For an older child in an orphanage setting, the expectation
that food will remain on the plate until the child eats it is foolish.
Children survive by gobbling their food and grabbing the food of others.
These behaviors (eating rapidly, not chewing, stealing other's food,
getting food from any source possible, being sneaky, taking risks) are
all vital for survival. They are the skills a child who expects neglect
will use even when that child has left the orphanage.
Children who feel alone in the world feel that
everything, everyone are out of control. These children become the "Royal
Boss" types because this approach to life helps them feel in control.

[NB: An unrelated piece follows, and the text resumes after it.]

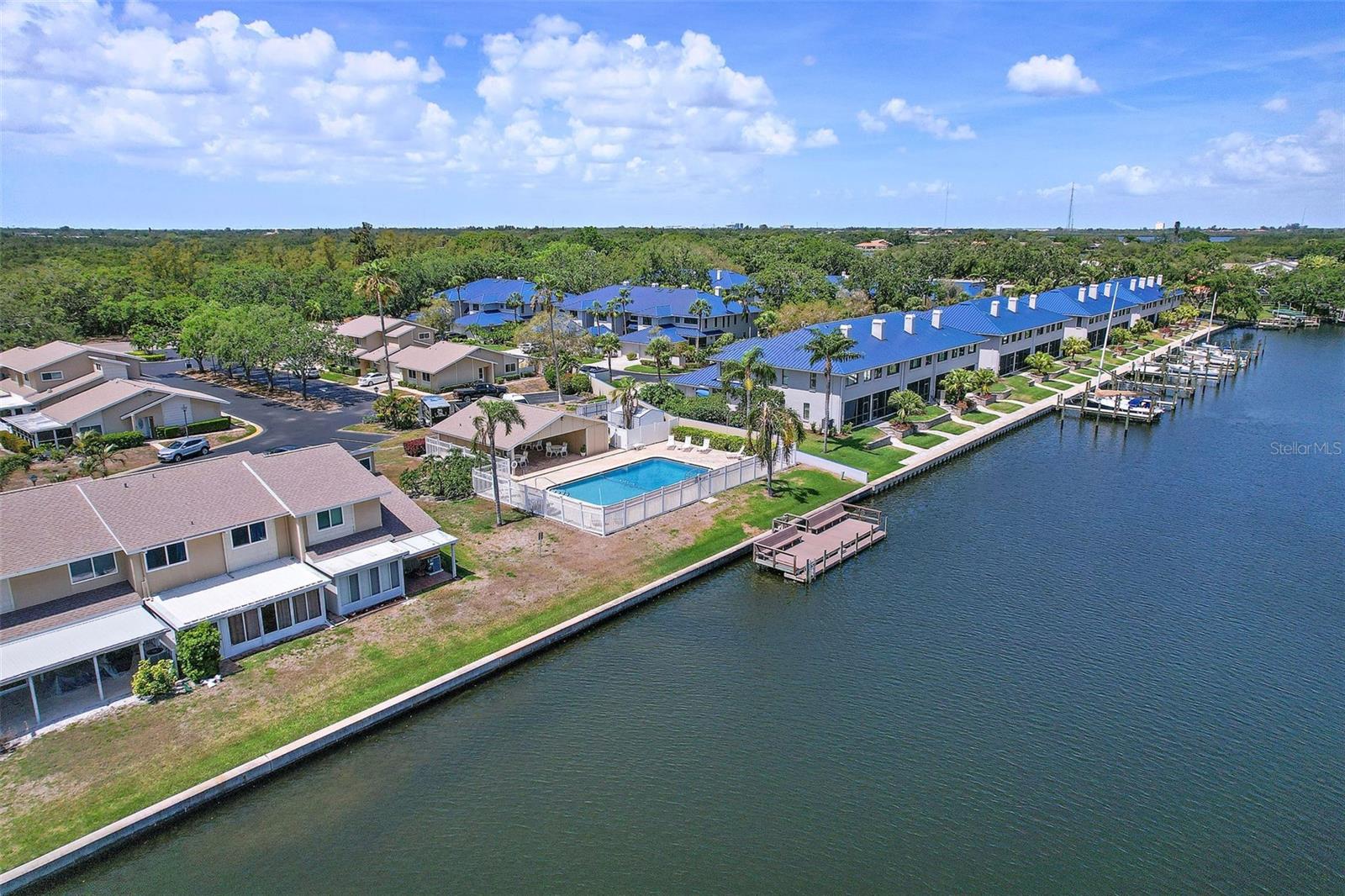 6490 CAPE HATTERAS WAY NE #4, ST PETERSBURG, FL, 33702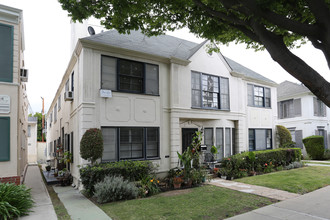 216 S Reeves Dr in Beverly Hills, CA - Building Photo - Building Photo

They tell others what to do, they become irate if routines are not followed,
they demand perfection of themselves and of others. "You always
make my oatmeal with milk, you can't substitute water today!" A
six, or ten, or twelve year old might shout furiously at mom. The least
change can make a child feel out of control and the fight or flight
syndrome or the shutdown may occur. If mom responds casually, the fight
might go on for an hour; or the child may chose not to eat: "I
won't eat this horrible breakfast, I've starved before and I'll starve
again." Here the child is reliving his or her experience of being neglected in the past and is mobilizing
survival skills to manage the feelings that arise. Denying hunger is
to be in control of it!
Seeing a child out of control, it is easy for a parent
to slip into the same desperate place. Reasoning, consequences and logic
don't help a child who is in fight-or-flight or shutdown state. It may
seem as though the child is in a glass cage where he or she can't be
reached, can't hear or feel the parent's care. At such times, children
also tend to pull in all sorts of unrelated reasons for their anger.
In fact they just can not bring themselves to say, "that little
bit of change scared me to death." To avoid feeling manipulated,
refocus the discussion on the initial trigger for anger and look for
and identify for your child what changed.
But when parents feel out of control they often become
desperate and look for a simple fix for the problem. This can lead to
dangerous choices as ways to "control" the out of control
child.
Some writers have recommended "holding therapies"
in which the parent controls the child's behavior by holding him or
her tightly until the child acquiesces to the parents' rules. Professional
mental health practitioners never engage in or suggest that parents
engage in such activities with their child. Holding therapies and other
coercive therapies have never been evaluated in a professional way,
nor have they been scientifically proven to be effective. Even more
important, a coercive therapy can push a child into a deeper and deeper
fight-or-flight or shutdown experience. These states put dramatic and
drastic strains on the heart, among other organs. When a child shuts
down, breathing and heart rate slow dramatically. At least one child
has died and both a parent and therapist been convicted of causing the
child's death using coercive techniques.
Understanding the physiological roots of survival skills
of your child will enable you as a parent to understand what to do to
help your child, and what not to do.